A collaborative publication of European Cultural Foundation, Interarts Foundation and ECUMEST Association, this book offers a series of conceptual and strategic tools to explore local cultural policies development in Europe. It proposes theoretical premises for future local urban policies – those directly influencing individual cultural participation and wellbeing. Culture, as the fourth pillar of development in relation to human rights, and urban space as the place for cultural participation, are among the key issues discussed.
Stevenson, D. (2005). Cultural planning in Australia: Texts and contexts. Journal of Arts Management. 35, 36–48.

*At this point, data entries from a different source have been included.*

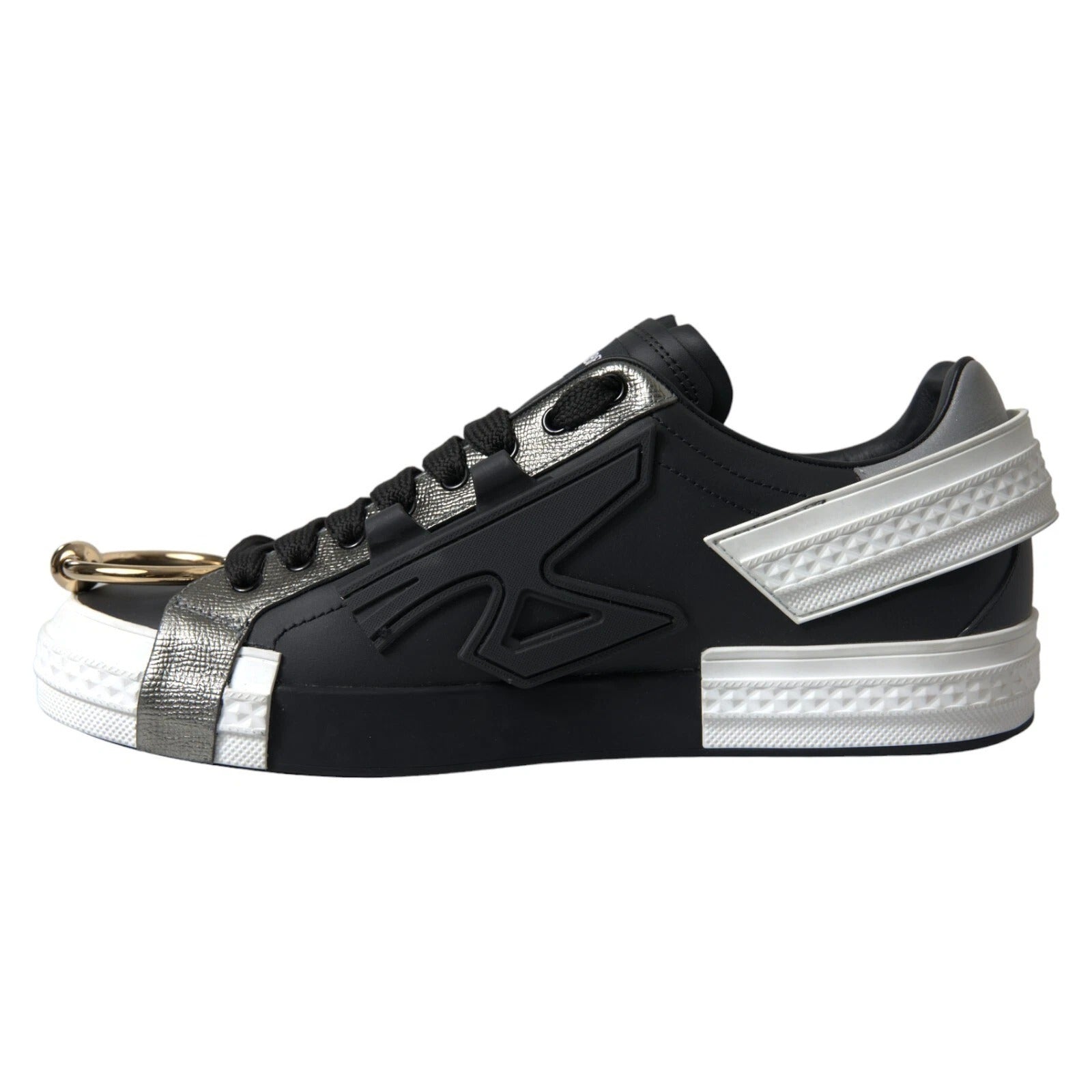 Dolce & Gabbana Black Leather Low Top Sneakers Portofino Shoes | Regal Royce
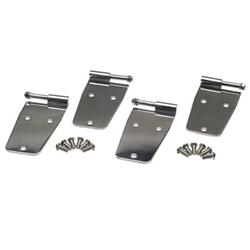 Door Hinges, Upper/Lower, Stainless Steel, Polished, No Mirror holes, Full Doors, Jeep, Set of 4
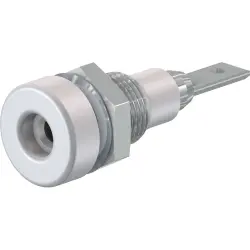 2 mm socket, flat plug connection, mounting Ø 6.4 mm, white, 23.0030-29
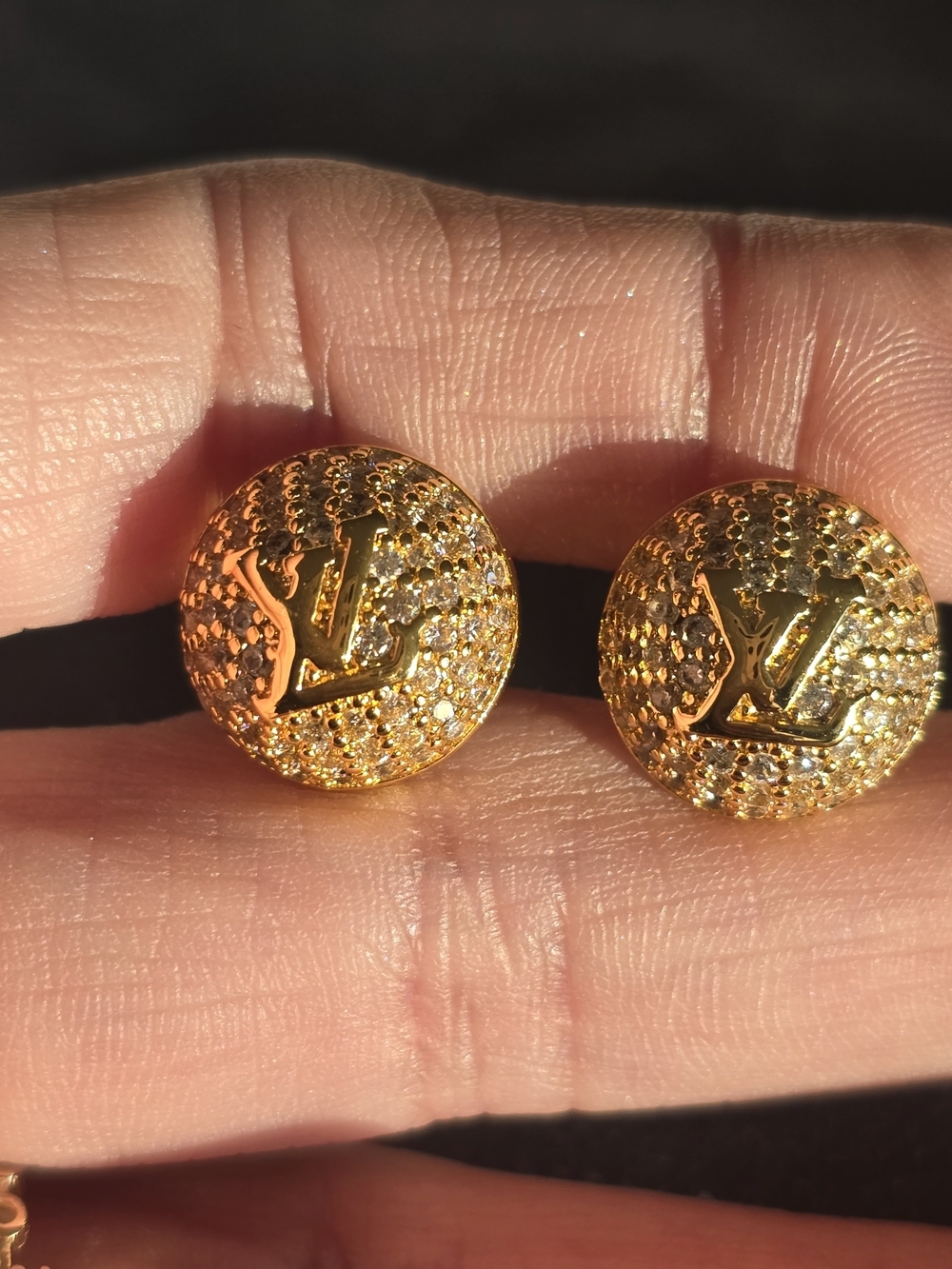 Louis Vuitton Gold Crystal Pavé Logo Disc Stud Earrings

In this article, Deborah Stevenson, Professor of Sociology and Urban Cultural Research at the Institute for Culture and Society, University of Western Sydney, looks at how the idea of culture (as a way of life and as “art”) is understood and negotiated in selected instances of cultural planning in Australia. She also considers influence on the development of Australian cultural planning, both as an idea and as a strategy.
Stevenson, D. & Young, G. (Ed.) (2013). The Ashgate Research Companion to Planning and Culture. Ashgate Publishing: England.
This research compendium brings together leading experts from around the world to map the contours of the relationship between planning and culture and to present these inextricably linked concepts and issues together in one place. By examining significant trends in varying national and international contexts, the contributors scrutinise the theories and practices of both planning and culture and explore not only their interface, but significant divergences and tensions.In doing so, this collection provides the first comprehensive overview and analysis of planning and culture, interdisciplinary and international in scope.